* DATASET *
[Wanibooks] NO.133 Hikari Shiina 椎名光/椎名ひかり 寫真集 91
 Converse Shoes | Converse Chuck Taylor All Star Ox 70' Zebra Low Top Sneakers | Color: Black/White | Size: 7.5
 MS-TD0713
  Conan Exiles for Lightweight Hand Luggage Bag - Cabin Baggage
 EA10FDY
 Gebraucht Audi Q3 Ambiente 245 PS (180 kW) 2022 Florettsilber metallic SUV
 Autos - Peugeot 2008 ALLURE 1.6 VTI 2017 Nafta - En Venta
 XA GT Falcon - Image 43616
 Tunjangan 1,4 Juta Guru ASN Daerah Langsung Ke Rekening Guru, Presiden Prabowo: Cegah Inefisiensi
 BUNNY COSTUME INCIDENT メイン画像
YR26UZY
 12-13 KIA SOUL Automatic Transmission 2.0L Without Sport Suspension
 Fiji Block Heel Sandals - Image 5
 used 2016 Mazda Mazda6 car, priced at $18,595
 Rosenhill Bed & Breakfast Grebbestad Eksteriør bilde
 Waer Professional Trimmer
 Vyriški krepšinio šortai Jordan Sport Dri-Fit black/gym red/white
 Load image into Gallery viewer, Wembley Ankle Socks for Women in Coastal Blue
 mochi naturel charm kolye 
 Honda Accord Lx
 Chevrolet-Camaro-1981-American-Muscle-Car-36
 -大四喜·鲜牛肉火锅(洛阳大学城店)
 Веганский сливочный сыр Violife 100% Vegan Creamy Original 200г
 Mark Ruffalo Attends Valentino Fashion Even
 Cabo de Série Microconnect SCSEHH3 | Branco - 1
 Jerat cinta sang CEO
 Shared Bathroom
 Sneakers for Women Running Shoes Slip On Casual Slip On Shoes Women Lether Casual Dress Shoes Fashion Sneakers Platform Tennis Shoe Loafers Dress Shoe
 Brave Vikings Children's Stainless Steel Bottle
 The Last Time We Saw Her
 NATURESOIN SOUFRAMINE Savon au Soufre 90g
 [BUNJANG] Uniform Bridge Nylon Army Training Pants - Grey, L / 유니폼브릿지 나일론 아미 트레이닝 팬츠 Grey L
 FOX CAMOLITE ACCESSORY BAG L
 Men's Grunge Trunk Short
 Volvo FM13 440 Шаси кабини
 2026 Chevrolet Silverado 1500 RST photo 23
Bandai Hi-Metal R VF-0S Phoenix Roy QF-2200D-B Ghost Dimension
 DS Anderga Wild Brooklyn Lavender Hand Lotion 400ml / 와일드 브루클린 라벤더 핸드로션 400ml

* WHAT THE TASK ASKS *
When the line with "Autos - Peugeot" is reached in the data above, start copying there, and copy each line exactly until the line with "Shared Bathroom" has been copied; copy nothing else.

* REPLY TO THE TASK *
 Autos - Peugeot 2008 ALLURE 1.6 VTI 2017 Nafta - En Venta
 XA GT Falcon - Image 43616
 Tunjangan 1,4 Juta Guru ASN Daerah Langsung Ke Rekening Guru, Presiden Prabowo: Cegah Inefisiensi
 BUNNY COSTUME INCIDENT メイン画像
YR26UZY
 12-13 KIA SOUL Automatic Transmission 2.0L Without Sport Suspension
 Fiji Block Heel Sandals - Image 5
 used 2016 Mazda Mazda6 car, priced at $18,595
 Rosenhill Bed & Breakfast Grebbestad Eksteriør bilde
 Waer Professional Trimmer
 Vyriški krepšinio šortai Jordan Sport Dri-Fit black/gym red/white
 Load image into Gallery viewer, Wembley Ankle Socks for Women in Coastal Blue
 mochi naturel charm kolye 
 Honda Accord Lx
 Chevrolet-Camaro-1981-American-Muscle-Car-36
 -大四喜·鲜牛肉火锅(洛阳大学城店)
 Веганский сливочный сыр Violife 100% Vegan Creamy Original 200г
 Mark Ruffalo Attends Valentino Fashion Even
 Cabo de Série Microconnect SCSEHH3 | Branco - 1
 Jerat cinta sang CEO
 Shared Bathroom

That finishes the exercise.